- [Work instructions]: Below are some entries; set them all down exactly.

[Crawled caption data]
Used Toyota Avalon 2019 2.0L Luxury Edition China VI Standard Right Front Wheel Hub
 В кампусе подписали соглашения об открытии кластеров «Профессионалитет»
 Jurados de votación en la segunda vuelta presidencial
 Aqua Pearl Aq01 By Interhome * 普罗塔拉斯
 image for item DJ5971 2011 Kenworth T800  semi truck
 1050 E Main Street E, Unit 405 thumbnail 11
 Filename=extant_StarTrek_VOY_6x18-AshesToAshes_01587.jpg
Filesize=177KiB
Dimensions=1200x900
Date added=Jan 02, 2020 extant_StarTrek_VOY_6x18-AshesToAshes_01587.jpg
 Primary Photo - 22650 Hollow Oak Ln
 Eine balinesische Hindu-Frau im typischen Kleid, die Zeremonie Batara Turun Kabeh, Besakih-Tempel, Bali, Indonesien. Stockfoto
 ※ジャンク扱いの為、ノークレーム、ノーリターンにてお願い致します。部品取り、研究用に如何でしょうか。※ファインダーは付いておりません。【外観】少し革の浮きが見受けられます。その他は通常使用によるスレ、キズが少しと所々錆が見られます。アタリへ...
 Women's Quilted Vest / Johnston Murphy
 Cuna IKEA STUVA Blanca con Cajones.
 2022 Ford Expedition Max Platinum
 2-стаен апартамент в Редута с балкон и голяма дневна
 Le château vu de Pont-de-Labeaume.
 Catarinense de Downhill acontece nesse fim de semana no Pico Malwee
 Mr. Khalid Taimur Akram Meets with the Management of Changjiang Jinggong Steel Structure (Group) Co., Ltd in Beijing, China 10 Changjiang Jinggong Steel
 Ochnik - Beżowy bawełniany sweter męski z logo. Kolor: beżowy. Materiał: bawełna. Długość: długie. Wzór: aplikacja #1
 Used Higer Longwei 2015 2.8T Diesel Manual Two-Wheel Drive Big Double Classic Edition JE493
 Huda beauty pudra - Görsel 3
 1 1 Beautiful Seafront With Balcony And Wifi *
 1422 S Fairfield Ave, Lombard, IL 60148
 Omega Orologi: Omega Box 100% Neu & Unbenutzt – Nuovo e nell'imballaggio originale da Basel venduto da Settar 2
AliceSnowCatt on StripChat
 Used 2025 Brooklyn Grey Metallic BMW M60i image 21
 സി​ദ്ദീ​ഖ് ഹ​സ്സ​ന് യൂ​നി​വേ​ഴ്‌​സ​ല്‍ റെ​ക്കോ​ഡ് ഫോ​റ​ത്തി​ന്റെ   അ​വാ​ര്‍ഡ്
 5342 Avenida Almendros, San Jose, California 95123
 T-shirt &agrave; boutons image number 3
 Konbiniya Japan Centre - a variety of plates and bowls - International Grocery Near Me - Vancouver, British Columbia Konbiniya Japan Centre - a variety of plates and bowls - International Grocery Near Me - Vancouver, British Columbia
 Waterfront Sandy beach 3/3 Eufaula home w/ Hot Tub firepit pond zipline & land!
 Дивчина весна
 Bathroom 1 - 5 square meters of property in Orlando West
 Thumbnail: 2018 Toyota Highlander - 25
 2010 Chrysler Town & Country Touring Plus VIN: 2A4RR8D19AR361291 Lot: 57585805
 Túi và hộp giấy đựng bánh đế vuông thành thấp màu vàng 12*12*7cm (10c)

- [Result of the task]:
Used Toyota Avalon 2019 2.0L Luxury Edition China VI Standard Right Front Wheel Hub
 В кампусе подписали соглашения об открытии кластеров «Профессионалитет»
 Jurados de votación en la segunda vuelta presidencial
 Aqua Pearl Aq01 By Interhome * 普罗塔拉斯
 image for item DJ5971 2011 Kenworth T800  semi truck
 1050 E Main Street E, Unit 405 thumbnail 11
 Filename=extant_StarTrek_VOY_6x18-AshesToAshes_01587.jpg
Filesize=177KiB
Dimensions=1200x900
Date added=Jan 02, 2020 extant_StarTrek_VOY_6x18-AshesToAshes_01587.jpg
 Primary Photo - 22650 Hollow Oak Ln
 Eine balinesische Hindu-Frau im typischen Kleid, die Zeremonie Batara Turun Kabeh, Besakih-Tempel, Bali, Indonesien. Stockfoto
 ※ジャンク扱いの為、ノークレーム、ノーリターンにてお願い致します。部品取り、研究用に如何でしょうか。※ファインダーは付いておりません。【外観】少し革の浮きが見受けられます。その他は通常使用によるスレ、キズが少しと所々錆が見られます。アタリへ...
 Women's Quilted Vest / Johnston Murphy
 Cuna IKEA STUVA Blanca con Cajones.
 2022 Ford Expedition Max Platinum
 2-стаен апартамент в Редута с балкон и голяма дневна
 Le château vu de Pont-de-Labeaume.
 Catarinense de Downhill acontece nesse fim de semana no Pico Malwee
 Mr. Khalid Taimur Akram Meets with the Management of Changjiang Jinggong Steel Structure (Group) Co., Ltd in Beijing, China 10 Changjiang Jinggong Steel
 Ochnik - Beżowy bawełniany sweter męski z logo. Kolor: beżowy. Materiał: bawełna. Długość: długie. Wzór: aplikacja #1
 Used Higer Longwei 2015 2.8T Diesel Manual Two-Wheel Drive Big Double Classic Edition JE493
 Huda beauty pudra - Görsel 3
 1 1 Beautiful Seafront With Balcony And Wifi *
 1422 S Fairfield Ave, Lombard, IL 60148
 Omega Orologi: Omega Box 100% Neu & Unbenutzt – Nuovo e nell'imballaggio originale da Basel venduto da Settar 2
AliceSnowCatt on StripChat
 Used 2025 Brooklyn Grey Metallic BMW M60i image 21
 സി​ദ്ദീ​ഖ് ഹ​സ്സ​ന് യൂ​നി​വേ​ഴ്‌​സ​ല്‍ റെ​ക്കോ​ഡ് ഫോ​റ​ത്തി​ന്റെ   അ​വാ​ര്‍ഡ്
 5342 Avenida Almendros, San Jose, California 95123
 T-shirt &agrave; boutons image number 3
 Konbiniya Japan Centre - a variety of plates and bowls - International Grocery Near Me - Vancouver, British Columbia Konbiniya Japan Centre - a variety of plates and bowls - International Grocery Near Me - Vancouver, British Columbia
 Waterfront Sandy beach 3/3 Eufaula home w/ Hot Tub firepit pond zipline & land!
 Дивчина весна
 Bathroom 1 - 5 square meters of property in Orlando West
 Thumbnail: 2018 Toyota Highlander - 25
 2010 Chrysler Town & Country Touring Plus VIN: 2A4RR8D19AR361291 Lot: 57585805
 Túi và hộp giấy đựng bánh đế vuông thành thấp màu vàng 12*12*7cm (10c)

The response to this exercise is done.